Start of RECORDED DATA

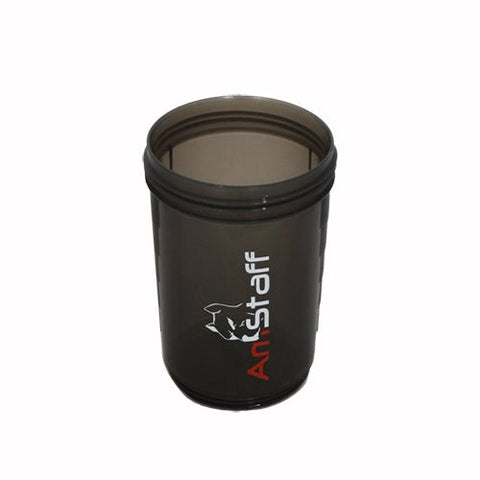 AmStaff Fitness Shaker Bottle with 2 Storage Jars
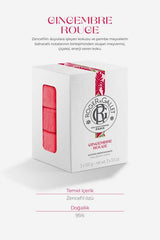 Roger&Gallet Gingembre Rouge Wellbeing Sabun 3x100 g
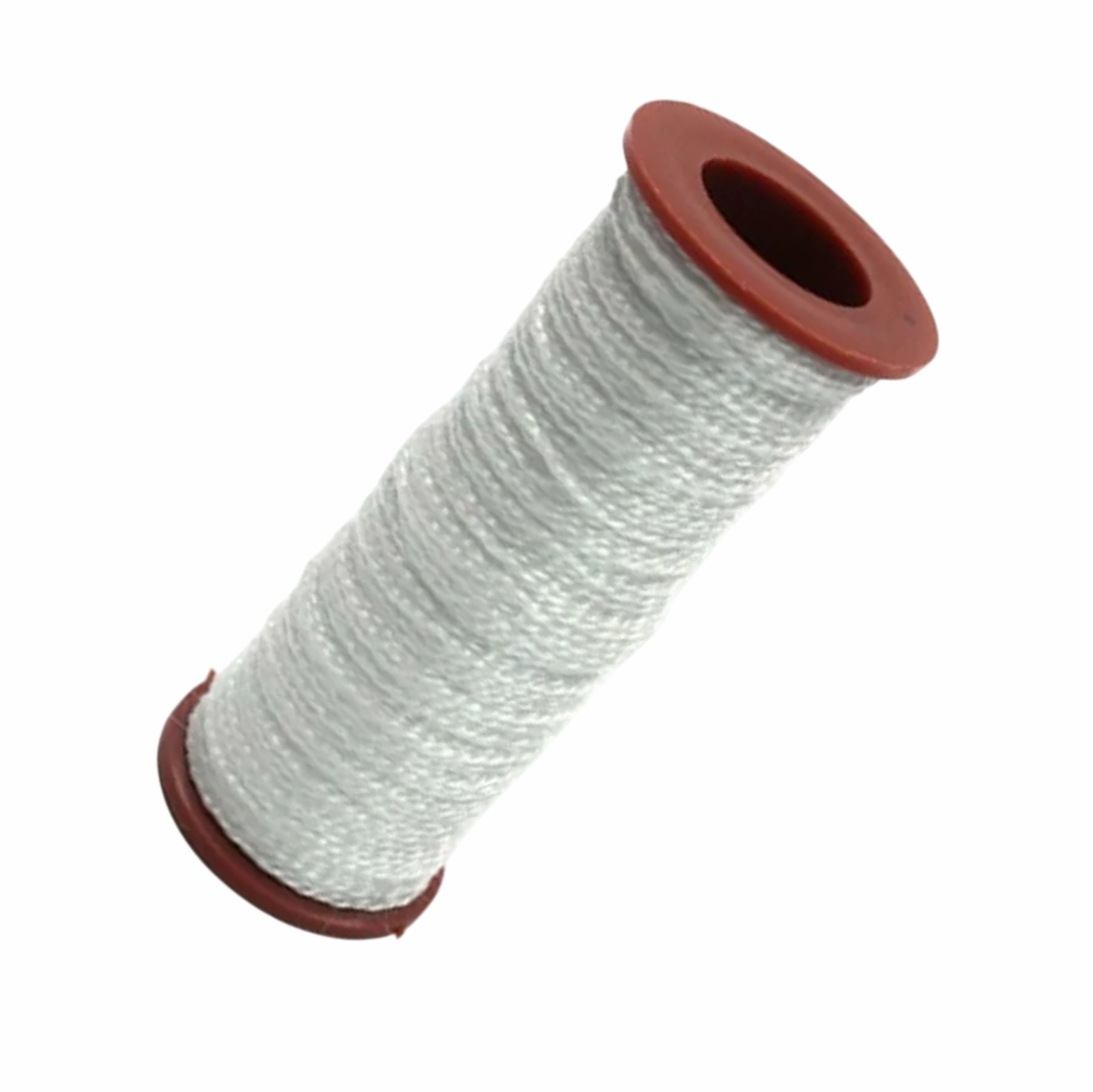 Нить хоз. крученая белая L=50m D=1.2mm, 001-50б, уп.100 г.Рязань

End of RECORDED DATA

- TASK DETAILS:
Return the listing unchanged except for the pictures, which should be dropped.

- SOLVED EXERCISE:
 AmStaff Fitness Shaker Bottle with 2 Storage Jars
 Roger&Gallet Gingembre Rouge Wellbeing Sabun 3x100 g
 Нить хоз. крученая белая L=50m D=1.2mm, 001-50б, уп.100 г.Рязань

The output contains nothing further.